All blogs
Architecture

Two trees, one commit: vector search lands in Memoir

A feature coming to Memoir: hierarchical recall and vector recall over the same versioned store. The path tells you where a memory lives; the vector tells you what it says — so Memoir can finally hold long-form content without losing the ability to find the sentence inside it. One transaction, one commit, one branch — no separate vector DB, no sync drift.

The shape of the feature

Memoir today stores agent memory as a hierarchical taxonomy: named paths like context.project.architecture and knowledge.technical.build, versioned with git-style commits, branches, and diffs. Recall is by path. Great for structured facts. Less great when you want fuzzy similarity — "what did we say last week that sounded like this?"

The feature landing soon: a vector index that lives inside the same store. Same Merkle search tree (prollytree) underneath. Same commits. Same branches. When you write a memory, its embedding is computed and persisted in the same transaction — no eventual-consistency sync job, no second database to operate, no drift between the text and its vectors.

Two trees, one commit

The mental model is two prollytrees per namespace:

  • Primary. Your data — the document at docs/123, the memory at knowledge.technical.build. Same store you have today.
  • Index. Embeddings of the same content, addressable by the same key. Updated atomically when the primary key is written, removed when it's removed.

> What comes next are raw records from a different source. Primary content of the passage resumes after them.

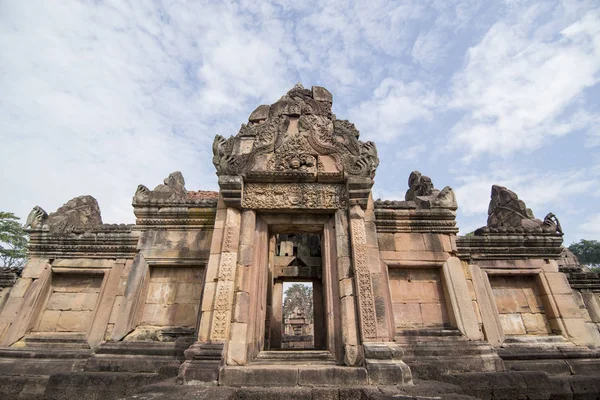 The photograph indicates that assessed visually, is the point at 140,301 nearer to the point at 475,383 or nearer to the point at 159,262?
the point at 159,262

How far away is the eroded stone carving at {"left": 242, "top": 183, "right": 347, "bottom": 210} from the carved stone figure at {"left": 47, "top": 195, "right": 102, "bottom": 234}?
4523mm

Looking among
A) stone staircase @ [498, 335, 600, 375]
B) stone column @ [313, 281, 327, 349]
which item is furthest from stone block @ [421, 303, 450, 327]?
stone column @ [313, 281, 327, 349]

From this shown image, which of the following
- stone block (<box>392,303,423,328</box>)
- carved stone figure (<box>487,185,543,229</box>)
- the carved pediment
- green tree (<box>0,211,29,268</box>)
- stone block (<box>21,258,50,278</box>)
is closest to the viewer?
the carved pediment

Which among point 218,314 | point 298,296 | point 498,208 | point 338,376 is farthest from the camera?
point 298,296

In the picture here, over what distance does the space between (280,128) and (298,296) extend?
19960 mm

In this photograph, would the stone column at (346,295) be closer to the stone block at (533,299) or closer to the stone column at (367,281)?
the stone column at (367,281)

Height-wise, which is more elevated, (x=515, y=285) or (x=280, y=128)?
(x=280, y=128)

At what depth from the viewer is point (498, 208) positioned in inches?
365

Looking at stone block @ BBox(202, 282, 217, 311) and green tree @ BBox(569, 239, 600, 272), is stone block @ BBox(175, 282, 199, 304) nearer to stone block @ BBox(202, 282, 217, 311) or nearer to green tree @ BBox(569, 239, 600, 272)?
stone block @ BBox(202, 282, 217, 311)

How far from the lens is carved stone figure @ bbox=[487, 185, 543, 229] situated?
8.48 meters

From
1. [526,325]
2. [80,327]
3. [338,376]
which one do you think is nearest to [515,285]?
[526,325]

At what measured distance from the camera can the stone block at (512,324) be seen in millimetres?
6625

Both trees live under the same git ref. A single store.commit() covers both. Roll back the commit and the index travels with the data — no reindex job. Branch the store and you branch the index too. Diff two commits and you see exactly which vectors moved.

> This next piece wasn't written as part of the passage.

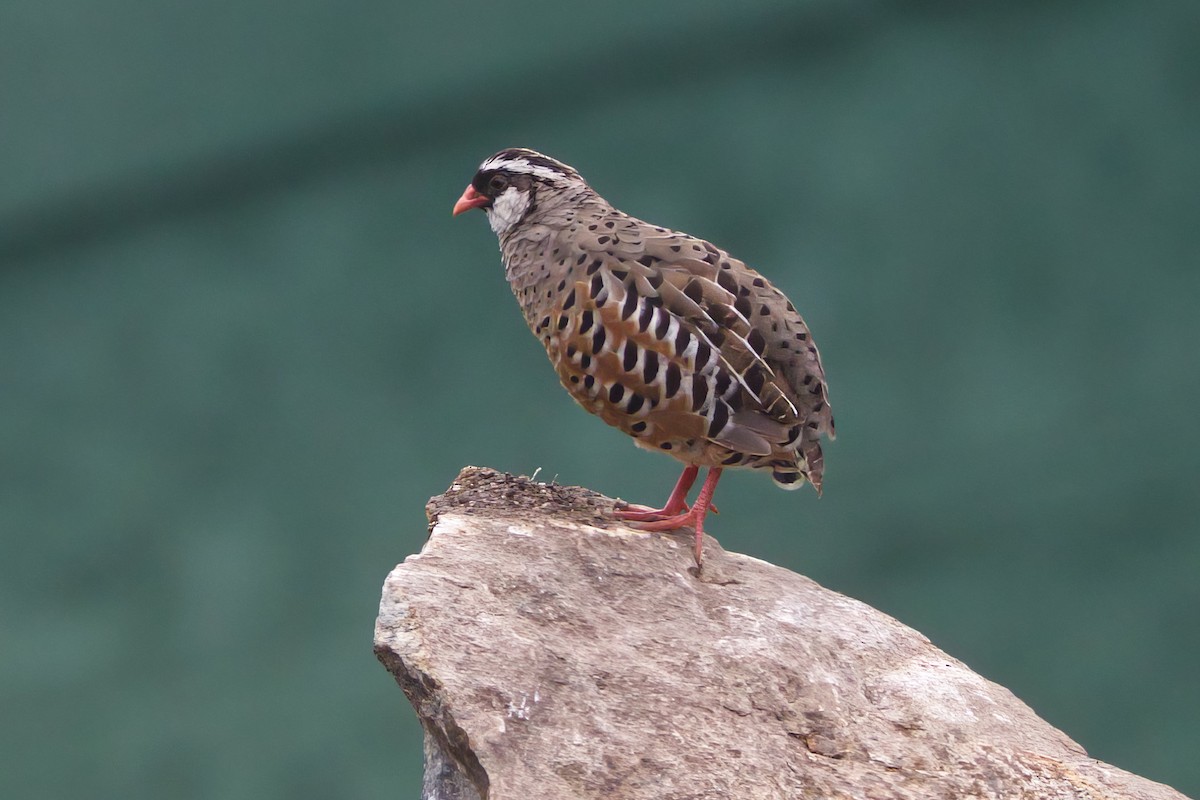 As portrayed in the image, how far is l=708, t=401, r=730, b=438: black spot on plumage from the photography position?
175 inches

Hierarchical recall (read a path, walk a subtree) and vector recall (top-k by similarity) become two operations on the same versioned object. Nothing else changes about how Memoir tracks history.

The path tells you where. The vector tells you what.

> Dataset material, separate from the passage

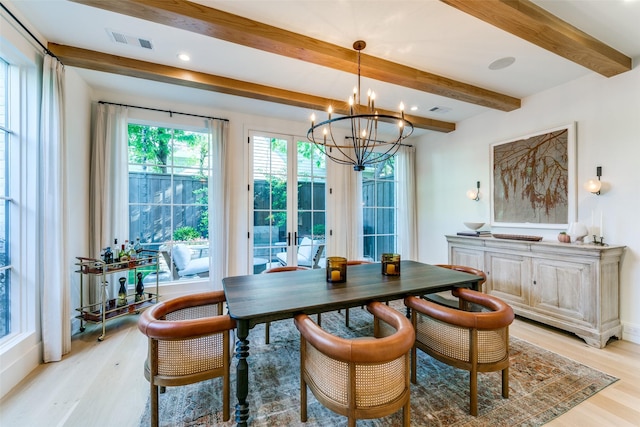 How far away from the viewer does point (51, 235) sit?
238cm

Today, every memory has to be small enough that its path carries meaning. A fact about Comet's classloader fits under knowledge.technical.build — short, classified, findable because you already know the slot. That works beautifully for distilled lessons. It breaks the moment you want to keep a five-page design doc, a meeting transcript, or a long agent narration. There's no path granular enough to address a sentence inside a page.

Vector recall is exactly the layer that's missing. The hierarchy still does the coarse work — which subject is this even about? — and the index does the fine work — which paragraph in that subject is closest to my query? Same store, two granularities, working together:

  • Path-first. Walk to context.project.architecture when you know the category, then let vector search rank chunks within that subtree by relevance. Hierarchy is the filter; vectors are the sort.
  • Vector-first. Search by similarity across a namespace and look at where the hits landed in the hierarchy — the path itself becomes a label on the match, telling you whether you've found a build note or a spatial-join correction.

The practical consequence: Memoir entries no longer have to stay small to stay findable. You can keep a long-form artifact at one path — a transcript, an onboarding doc, an agent's entire reasoning trace from a hard debug session — and still pull out the right sentence later. The taxonomy captures the classification; the vector captures the contents; you don't have to choose.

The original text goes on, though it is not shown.